→ Dataset records:
####################
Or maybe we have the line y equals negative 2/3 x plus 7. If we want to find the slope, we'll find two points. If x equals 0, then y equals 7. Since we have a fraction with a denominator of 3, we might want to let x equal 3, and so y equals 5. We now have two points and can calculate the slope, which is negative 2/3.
####################
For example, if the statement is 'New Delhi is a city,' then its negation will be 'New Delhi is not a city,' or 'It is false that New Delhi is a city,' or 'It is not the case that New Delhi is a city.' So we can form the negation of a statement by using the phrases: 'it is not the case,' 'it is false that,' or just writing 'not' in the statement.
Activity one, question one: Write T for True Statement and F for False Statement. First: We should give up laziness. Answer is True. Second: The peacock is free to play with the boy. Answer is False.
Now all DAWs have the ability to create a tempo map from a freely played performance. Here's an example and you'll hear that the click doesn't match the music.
####################
→ Work to complete:
Return every line above in which the string "have" occurs.

→ Output of the exercise:
Or maybe we have the line y equals negative 2/3 x plus 7. If we want to find the slope, we'll find two points. If x equals 0, then y equals 7. Since we have a fraction with a denominator of 3, we might want to let x equal 3, and so y equals 5. We now have two points and can calculate the slope, which is negative 2/3.
Now all DAWs have the ability to create a tempo map from a freely played performance. Here's an example and you'll hear that the click doesn't match the music.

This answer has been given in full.